Rotational Dynamics and torque

[Destrio]

What minimum force F applied horizontally at the axle of the wheel is necessary to raise the wheel over an obstacle of height h? Take r as the radius of the wheel and W as its weight.

We know torque is equal to the radius x perpendicular force
T = rFnet

I think I have to find angular acceleration, α.

T = rma
T = rmα
T = rm(αr)
T = α(mr^2)
ΣT = αΣ(mr^2)

am I on the right track so far?
How do I incorporate height into this, do I want to find angular acceleration in the y direction?

 

[learningphysics]

Do they give a picture? If not draw a picture... Draw a wheel standing against a block of height h.

the point where the block and the wheel touch... you want the torque about the point to be zero...
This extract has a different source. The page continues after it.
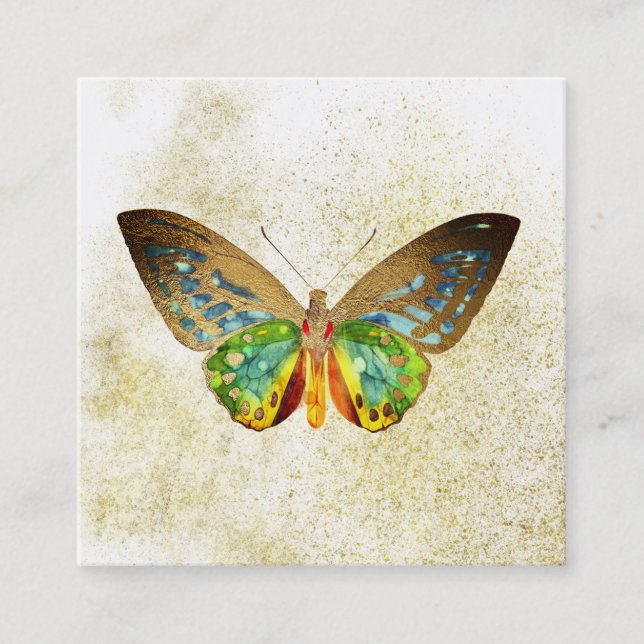 ** Mystical Gold Gilded Gold Gilded Butterfly Quadratische Visitenkarte (Vorderseite)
you have two forces involved for this torque... the weight and the horizontal applied force.

 

[ogb p]

Yes, you are on the right track. To incorporate the height into the equation, you can consider the torque required to lift the wheel over the obstacle. This torque would be equal to the weight of the wheel multiplied by the height of the obstacle, since the force required to lift the wheel is equal to its weight. So the equation would become:

T = rFnet + Wh

Since we want to find the minimum force required, we can set the net force equal to zero (assuming the wheel is just barely lifted over the obstacle). This gives us:

0 = rFmin + Wh

Solving for Fmin, we get:

Fmin = - Wh/r

So the minimum force required to raise the wheel over the obstacle would be equal to the weight of the wheel multiplied by the height of the obstacle, divided by the radius of the wheel. This makes intuitive sense, as a larger obstacle or smaller wheel radius would require a greater force to lift the wheel.